The 2025-27 MTEF proposes a N47.9 trillion budget for 2025, an increase of 36.64 per cent compared to N35.06 trillion in 2024. Almona noted that the budget aggregates, the highest in the country’s history in naira terms, are inherently sensitive to current macroeconomic conditions, as they directly impact revenue generation, expenditure and overall fiscal performance.
Listing some of the optimistic parameters, she said the assumption of an exchange rate at N1,400/$1 is too conservative to work with against the current average of above N1650/$1 in both the official and parallel markets.
Her words: “Assuming an inflation rate at 15.8 per cent does not reflect the unabating factors pushing up both headline and food inflation; with inflation rising to 33.88 per cent as of October 2024, it is unrealistic to assume a steep 51 per cent crash within a year. Since the current challenging economic conditions are mostly fueled by inflation and exchange rates, we advise the government to reconsider the overambitious assumptions for the 2025 budget.”

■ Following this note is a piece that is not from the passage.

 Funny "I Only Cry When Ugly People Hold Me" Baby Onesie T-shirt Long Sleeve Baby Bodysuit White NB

Expressing worry over the fate of businesses, Almona said the creation of an enabling environment for the private sector to thrive and the clarity of policy direction in the economy are most critical to achieving the projected growth rate of the country’s gross domestic product (GDP) in 2025.

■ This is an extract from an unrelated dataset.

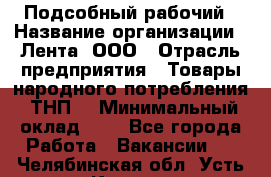 Подсобный рабочий › Название организации ­ Лента, ООО › Отрасль предприятия ­ Товары народного потребления (ТНП) › Минимальный оклад ­ 1 - Все города Работа » Вакансии   . Челябинская обл.,Усть-Катав г.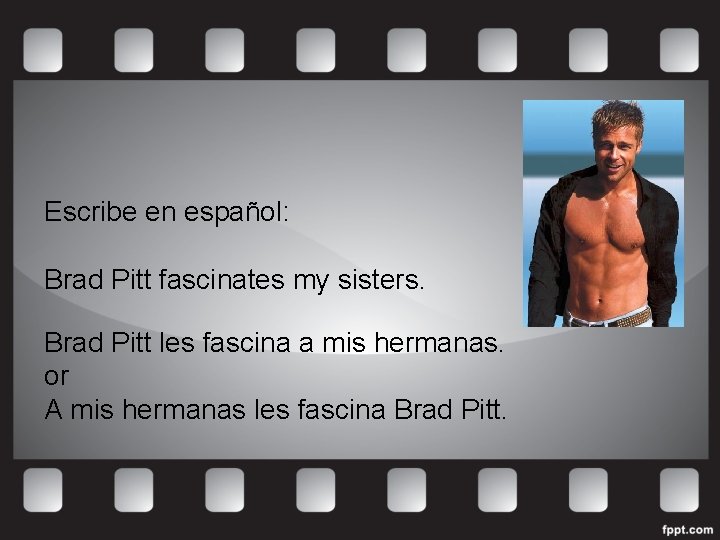 Escribe en español: Brad Pitt fascinates my sisters. Brad Pitt les fascina a mis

She explained: “Further breakdown indicates that debt services are proposed to increase by 91.2 per cent to N15.38 trillion, equivalent to 32.1 per cent of the total budget. This appears to be unsustainable. The situation is further worsened with the projected deficit of N13.08 trillion and new borrowings of N9.22 trillion. With federal government debt already at about N134 trillion as of June 2024, inflation reaching a new high of 33.88 per cent, and businesses burdened with a high Monetary Policy Rate at 27.25 per cent, the Federal Government has a narrow bridge to navigate choices of policy options.”
Urging the apex bank to sustain its Ways and Means advances to the Federal Government at a five per cent limit for 2024 and 2025, she said the Federal Government should maintain fiscal discipline by complying with the Fiscal Responsibility Act in budget management and borrowing.
“Non-oil revenues, such as taxes, customs duties, and surpluses from government agencies, are all subject to volatility. Current economic downturns, a tense business environment, ongoing debates on tax policies, and shifts in consumer behaviour all impact non-oil revenue performance. In the face of current realities, we urge the government at all levels to be more proactive concerning nature-induced casualties and damages caused by human activities.
“In recent months, we have recorded massive destruction of lives and properties due to climate-related factors and expect the legislative arms at all levels of government to appropriate more funds to tackle climate change adaptation and mitigation nationwide,” she said.
The DG urged the government to focus on sectors that have shown resilience, and relevance, and are key drivers of current economic indicators like inflation, exchange rate, unemployment, and interest rates.
She recommended more investments in food production, power supply, fighting insecurity, and a stable policy and regulatory environment.
“Other very critical areas needing coordinated and harmonised monetary and fiscal policies are power supply, energy costs, supply chain disruptions due to insecurity, reducing youth unemployment through skills acquisition, and a concerted effort towards empowering small businesses,” she stated.